Make a word-for-word copy of the entries below from their first line through the line with "Продажа 4-комн квартиры", and add nothing.

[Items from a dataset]
____

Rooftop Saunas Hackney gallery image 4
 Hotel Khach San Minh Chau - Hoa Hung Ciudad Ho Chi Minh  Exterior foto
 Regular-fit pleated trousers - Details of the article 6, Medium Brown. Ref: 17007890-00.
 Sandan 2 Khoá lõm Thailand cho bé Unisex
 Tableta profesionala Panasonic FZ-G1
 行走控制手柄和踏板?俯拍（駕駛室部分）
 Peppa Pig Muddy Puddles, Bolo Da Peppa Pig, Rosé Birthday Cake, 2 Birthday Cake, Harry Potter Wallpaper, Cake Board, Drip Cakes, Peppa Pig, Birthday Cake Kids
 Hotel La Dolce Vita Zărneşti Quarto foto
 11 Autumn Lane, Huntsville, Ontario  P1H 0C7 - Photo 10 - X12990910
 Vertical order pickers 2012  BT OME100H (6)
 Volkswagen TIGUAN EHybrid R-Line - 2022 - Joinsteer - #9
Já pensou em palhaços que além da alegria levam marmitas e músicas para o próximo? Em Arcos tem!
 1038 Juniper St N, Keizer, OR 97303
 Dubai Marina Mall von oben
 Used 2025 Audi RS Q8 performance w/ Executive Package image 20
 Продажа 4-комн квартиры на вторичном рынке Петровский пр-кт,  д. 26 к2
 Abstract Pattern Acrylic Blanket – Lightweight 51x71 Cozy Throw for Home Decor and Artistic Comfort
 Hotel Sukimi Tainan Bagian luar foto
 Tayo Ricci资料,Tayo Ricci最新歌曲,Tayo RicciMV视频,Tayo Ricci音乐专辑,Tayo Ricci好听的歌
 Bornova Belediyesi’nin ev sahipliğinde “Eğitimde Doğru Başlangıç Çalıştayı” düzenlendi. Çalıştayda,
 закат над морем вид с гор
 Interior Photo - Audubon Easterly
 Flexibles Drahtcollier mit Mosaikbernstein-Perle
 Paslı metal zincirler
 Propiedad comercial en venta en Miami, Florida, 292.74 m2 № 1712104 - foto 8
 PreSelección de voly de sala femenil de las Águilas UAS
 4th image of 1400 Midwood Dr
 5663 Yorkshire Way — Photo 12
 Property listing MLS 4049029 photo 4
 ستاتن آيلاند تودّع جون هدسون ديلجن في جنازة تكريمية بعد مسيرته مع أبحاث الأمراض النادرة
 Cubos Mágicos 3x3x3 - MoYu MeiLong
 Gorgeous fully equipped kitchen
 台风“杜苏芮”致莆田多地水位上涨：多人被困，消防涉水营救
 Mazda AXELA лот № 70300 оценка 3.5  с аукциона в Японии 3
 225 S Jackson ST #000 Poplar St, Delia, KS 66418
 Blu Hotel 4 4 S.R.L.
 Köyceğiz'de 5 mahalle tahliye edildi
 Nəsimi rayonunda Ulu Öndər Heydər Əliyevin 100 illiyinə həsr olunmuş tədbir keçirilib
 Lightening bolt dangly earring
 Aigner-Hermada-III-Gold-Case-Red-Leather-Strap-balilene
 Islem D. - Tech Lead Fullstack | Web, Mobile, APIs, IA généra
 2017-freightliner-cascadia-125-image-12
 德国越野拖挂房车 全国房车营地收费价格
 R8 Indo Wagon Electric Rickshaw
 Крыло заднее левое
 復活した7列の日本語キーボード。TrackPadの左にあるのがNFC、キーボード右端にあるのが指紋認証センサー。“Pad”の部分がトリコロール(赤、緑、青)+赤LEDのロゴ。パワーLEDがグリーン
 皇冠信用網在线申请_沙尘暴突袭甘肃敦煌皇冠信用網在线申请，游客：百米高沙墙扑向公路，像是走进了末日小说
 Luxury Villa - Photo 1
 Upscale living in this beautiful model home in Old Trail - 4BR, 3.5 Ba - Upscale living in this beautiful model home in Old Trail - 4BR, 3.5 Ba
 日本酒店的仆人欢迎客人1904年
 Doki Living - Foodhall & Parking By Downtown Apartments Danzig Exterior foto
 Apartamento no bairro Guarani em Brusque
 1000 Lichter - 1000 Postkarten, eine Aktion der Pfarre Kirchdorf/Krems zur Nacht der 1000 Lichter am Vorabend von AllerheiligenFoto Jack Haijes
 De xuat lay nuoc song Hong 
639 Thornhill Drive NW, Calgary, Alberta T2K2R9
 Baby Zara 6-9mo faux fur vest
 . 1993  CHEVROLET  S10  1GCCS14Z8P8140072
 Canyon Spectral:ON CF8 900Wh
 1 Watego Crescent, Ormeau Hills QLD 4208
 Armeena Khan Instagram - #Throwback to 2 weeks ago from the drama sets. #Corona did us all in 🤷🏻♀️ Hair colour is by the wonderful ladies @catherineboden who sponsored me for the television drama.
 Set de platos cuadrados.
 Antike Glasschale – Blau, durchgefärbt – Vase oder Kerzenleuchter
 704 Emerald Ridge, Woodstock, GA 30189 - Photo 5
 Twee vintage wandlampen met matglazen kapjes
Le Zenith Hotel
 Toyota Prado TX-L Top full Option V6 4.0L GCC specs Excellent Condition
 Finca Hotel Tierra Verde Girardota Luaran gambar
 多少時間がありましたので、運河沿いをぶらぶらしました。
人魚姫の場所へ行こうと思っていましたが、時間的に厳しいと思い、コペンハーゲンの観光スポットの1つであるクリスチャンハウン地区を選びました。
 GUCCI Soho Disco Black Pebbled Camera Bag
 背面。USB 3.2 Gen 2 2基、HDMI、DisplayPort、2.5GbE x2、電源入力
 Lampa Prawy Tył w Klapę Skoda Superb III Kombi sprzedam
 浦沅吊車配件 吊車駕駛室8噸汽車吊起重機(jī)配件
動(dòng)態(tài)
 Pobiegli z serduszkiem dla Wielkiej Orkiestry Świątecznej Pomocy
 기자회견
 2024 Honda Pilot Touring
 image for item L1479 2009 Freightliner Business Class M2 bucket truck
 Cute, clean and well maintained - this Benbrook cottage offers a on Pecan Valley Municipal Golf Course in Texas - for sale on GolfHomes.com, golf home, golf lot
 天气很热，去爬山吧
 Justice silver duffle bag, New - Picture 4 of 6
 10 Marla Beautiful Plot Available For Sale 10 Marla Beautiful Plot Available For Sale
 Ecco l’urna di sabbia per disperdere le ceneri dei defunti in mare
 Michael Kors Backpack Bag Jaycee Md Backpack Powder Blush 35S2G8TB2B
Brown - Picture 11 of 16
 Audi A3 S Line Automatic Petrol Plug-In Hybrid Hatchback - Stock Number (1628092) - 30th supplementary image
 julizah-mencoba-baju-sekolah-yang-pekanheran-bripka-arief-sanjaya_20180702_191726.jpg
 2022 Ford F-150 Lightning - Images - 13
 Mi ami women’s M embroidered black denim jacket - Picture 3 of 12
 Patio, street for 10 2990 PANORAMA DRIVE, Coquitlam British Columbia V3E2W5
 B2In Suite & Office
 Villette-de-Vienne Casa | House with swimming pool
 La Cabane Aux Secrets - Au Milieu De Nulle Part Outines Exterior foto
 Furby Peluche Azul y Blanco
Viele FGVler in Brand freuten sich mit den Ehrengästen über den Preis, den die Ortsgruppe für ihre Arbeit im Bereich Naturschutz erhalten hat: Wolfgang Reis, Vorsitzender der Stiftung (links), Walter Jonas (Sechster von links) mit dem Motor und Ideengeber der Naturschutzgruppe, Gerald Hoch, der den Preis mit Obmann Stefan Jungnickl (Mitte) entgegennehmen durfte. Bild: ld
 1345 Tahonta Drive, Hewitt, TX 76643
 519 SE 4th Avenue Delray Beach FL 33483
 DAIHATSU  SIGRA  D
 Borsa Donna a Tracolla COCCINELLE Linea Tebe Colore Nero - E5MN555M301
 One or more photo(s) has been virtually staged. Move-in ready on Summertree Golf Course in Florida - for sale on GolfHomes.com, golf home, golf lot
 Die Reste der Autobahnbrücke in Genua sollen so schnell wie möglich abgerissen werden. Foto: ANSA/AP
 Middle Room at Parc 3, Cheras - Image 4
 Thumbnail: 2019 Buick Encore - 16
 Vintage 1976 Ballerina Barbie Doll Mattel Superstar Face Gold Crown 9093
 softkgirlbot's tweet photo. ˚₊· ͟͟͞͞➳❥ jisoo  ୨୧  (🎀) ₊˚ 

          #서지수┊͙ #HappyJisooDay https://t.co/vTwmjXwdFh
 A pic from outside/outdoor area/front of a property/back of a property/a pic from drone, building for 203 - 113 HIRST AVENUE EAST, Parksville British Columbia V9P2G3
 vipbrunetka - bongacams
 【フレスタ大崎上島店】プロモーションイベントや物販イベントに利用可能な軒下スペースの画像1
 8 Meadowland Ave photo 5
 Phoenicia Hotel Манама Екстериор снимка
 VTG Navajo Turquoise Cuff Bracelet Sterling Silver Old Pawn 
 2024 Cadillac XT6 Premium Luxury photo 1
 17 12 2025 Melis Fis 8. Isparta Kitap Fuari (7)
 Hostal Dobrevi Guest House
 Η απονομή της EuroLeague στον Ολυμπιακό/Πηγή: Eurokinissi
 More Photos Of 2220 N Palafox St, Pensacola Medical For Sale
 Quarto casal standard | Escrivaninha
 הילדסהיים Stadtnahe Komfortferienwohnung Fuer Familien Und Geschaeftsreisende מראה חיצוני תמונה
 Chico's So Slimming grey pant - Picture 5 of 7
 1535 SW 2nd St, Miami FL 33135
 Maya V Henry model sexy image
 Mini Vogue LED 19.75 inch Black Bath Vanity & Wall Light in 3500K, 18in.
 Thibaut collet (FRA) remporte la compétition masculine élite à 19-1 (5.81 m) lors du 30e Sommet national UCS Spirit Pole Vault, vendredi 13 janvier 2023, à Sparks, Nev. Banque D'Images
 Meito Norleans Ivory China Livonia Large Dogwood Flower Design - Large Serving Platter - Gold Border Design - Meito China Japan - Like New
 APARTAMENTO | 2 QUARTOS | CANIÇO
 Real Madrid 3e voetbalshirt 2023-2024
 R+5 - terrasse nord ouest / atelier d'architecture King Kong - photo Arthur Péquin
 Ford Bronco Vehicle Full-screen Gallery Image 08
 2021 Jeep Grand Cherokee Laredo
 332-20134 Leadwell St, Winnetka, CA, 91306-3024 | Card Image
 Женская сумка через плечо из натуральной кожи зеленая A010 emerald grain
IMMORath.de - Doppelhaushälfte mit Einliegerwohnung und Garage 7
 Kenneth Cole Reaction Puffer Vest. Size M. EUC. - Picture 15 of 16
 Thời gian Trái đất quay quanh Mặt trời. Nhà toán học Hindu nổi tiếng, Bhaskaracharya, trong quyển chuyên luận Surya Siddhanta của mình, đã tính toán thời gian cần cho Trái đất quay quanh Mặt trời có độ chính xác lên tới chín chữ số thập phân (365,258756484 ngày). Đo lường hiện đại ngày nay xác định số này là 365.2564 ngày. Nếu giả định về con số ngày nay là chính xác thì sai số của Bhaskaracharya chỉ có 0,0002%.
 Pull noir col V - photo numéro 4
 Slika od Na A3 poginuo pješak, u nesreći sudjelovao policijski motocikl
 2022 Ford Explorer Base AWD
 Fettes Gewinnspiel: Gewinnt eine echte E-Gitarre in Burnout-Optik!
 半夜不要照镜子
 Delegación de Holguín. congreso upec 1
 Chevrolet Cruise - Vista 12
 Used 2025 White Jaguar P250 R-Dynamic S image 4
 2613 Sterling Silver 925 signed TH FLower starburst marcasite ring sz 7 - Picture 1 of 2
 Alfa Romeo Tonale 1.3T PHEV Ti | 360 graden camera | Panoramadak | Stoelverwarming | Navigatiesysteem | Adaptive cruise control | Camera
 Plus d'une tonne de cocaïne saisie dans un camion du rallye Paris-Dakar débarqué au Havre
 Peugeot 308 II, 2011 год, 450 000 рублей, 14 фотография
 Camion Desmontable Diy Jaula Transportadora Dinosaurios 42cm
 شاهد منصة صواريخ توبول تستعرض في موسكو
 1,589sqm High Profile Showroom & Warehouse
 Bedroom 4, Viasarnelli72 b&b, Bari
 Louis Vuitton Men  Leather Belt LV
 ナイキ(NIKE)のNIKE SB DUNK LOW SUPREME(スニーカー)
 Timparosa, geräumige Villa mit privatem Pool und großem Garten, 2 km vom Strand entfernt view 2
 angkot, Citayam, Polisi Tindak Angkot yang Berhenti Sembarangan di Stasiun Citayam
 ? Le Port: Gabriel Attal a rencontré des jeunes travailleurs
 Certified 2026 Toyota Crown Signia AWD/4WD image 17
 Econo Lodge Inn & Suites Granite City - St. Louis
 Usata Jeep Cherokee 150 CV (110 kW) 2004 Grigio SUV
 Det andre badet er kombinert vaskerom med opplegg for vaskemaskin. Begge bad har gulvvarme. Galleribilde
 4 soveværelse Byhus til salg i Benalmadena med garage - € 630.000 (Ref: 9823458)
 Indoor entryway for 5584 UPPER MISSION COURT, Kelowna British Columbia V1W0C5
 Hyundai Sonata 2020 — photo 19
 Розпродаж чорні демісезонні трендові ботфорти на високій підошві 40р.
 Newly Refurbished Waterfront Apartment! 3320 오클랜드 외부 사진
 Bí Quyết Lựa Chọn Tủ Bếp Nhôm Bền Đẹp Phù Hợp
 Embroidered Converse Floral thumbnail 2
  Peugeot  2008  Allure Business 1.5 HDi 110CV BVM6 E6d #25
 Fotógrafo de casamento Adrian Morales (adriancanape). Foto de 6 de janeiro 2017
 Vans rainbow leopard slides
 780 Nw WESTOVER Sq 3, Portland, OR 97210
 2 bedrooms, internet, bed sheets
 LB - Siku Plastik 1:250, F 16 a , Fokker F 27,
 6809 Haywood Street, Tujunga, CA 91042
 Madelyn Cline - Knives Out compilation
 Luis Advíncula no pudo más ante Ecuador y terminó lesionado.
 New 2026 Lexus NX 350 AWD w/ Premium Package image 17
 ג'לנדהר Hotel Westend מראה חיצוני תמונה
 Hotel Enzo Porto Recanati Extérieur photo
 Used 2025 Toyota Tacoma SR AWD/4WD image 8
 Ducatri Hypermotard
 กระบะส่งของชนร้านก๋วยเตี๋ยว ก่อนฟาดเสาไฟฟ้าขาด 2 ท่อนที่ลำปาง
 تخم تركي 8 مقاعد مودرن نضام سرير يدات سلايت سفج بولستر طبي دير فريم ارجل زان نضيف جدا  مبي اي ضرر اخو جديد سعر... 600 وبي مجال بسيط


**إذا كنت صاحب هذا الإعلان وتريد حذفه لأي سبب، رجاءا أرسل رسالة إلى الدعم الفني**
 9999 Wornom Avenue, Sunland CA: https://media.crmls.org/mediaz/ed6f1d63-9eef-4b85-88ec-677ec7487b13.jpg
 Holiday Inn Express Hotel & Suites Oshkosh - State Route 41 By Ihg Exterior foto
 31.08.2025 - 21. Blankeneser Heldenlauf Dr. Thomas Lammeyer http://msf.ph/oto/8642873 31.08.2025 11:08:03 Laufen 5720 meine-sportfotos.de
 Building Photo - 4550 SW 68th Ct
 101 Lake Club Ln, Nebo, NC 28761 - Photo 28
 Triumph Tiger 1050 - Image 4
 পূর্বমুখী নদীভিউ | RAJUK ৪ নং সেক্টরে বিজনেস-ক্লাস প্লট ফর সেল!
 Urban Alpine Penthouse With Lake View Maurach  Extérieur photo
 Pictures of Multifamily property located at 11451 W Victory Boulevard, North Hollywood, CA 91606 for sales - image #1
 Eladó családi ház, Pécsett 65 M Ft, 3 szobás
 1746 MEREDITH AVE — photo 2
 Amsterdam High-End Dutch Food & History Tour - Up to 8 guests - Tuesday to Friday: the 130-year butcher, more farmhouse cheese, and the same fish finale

____

■ **RESULT FOR THIS EXERCISE**:
Rooftop Saunas Hackney gallery image 4
 Hotel Khach San Minh Chau - Hoa Hung Ciudad Ho Chi Minh  Exterior foto
 Regular-fit pleated trousers - Details of the article 6, Medium Brown. Ref: 17007890-00.
 Sandan 2 Khoá lõm Thailand cho bé Unisex
 Tableta profesionala Panasonic FZ-G1
 行走控制手柄和踏板?俯拍（駕駛室部分）
 Peppa Pig Muddy Puddles, Bolo Da Peppa Pig, Rosé Birthday Cake, 2 Birthday Cake, Harry Potter Wallpaper, Cake Board, Drip Cakes, Peppa Pig, Birthday Cake Kids
 Hotel La Dolce Vita Zărneşti Quarto foto
 11 Autumn Lane, Huntsville, Ontario  P1H 0C7 - Photo 10 - X12990910
 Vertical order pickers 2012  BT OME100H (6)
 Volkswagen TIGUAN EHybrid R-Line - 2022 - Joinsteer - #9
Já pensou em palhaços que além da alegria levam marmitas e músicas para o próximo? Em Arcos tem!
 1038 Juniper St N, Keizer, OR 97303
 Dubai Marina Mall von oben
 Used 2025 Audi RS Q8 performance w/ Executive Package image 20
 Продажа 4-комн квартиры на вторичном рынке Петровский пр-кт,  д. 26 к2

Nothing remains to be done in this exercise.